## EXERCISE GOAL
Leaving out all pictures, return exactly the lines from the one that contains "Tôi Trở Thành" through the end of the data below.

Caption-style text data
···

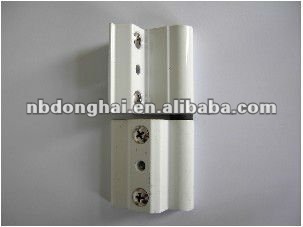 aluminium window hinge ,7BI/41/6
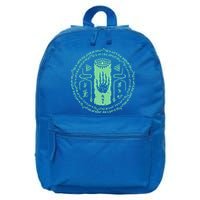 The Legend Of Tears Of The Kingdom Magic Seal 16 in Basic Backpack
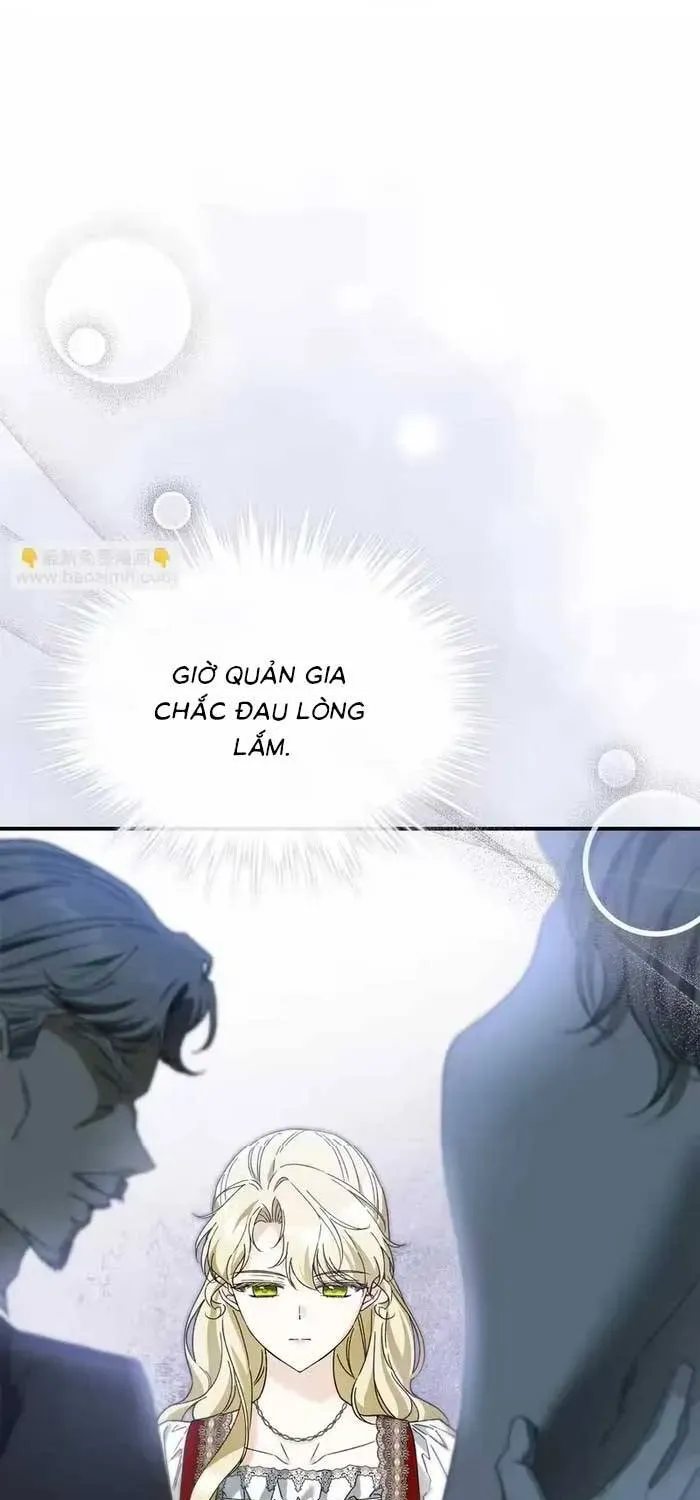 Tôi Trở Thành Hôn Thê Của Đại Công Tước Mù Chapter 21 - Trang 20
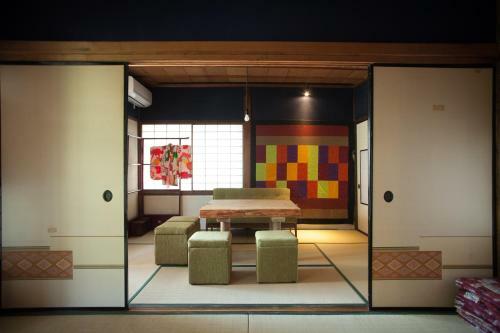 Hostal Dawasaruso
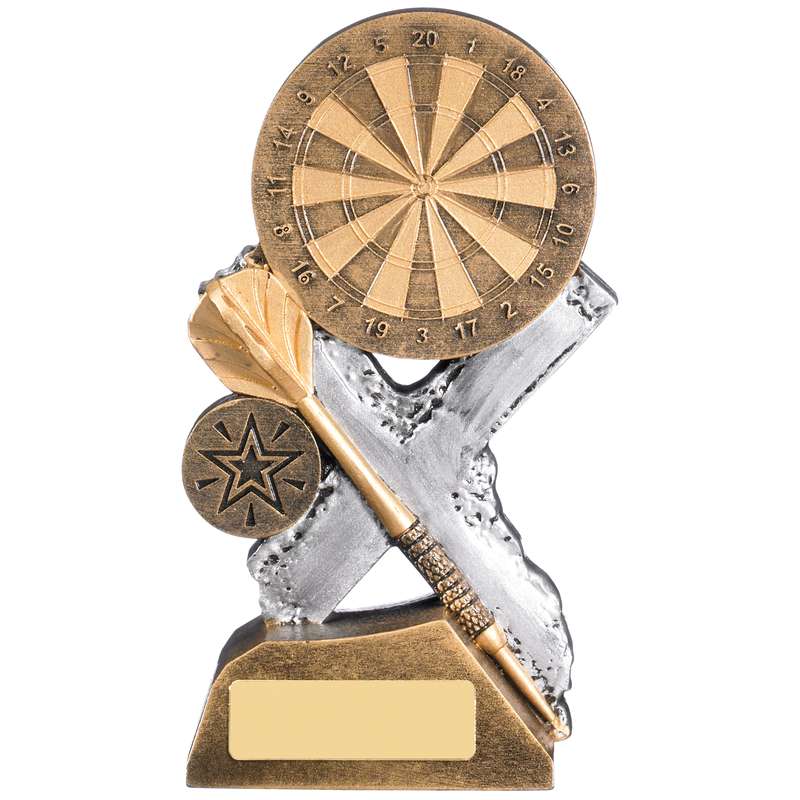 EXTREME DARTS AWARD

···

## RESULT
 Tôi Trở Thành Hôn Thê Của Đại Công Tước Mù Chapter 21 - Trang 20
 Hostal Dawasaruso
 EXTREME DARTS AWARD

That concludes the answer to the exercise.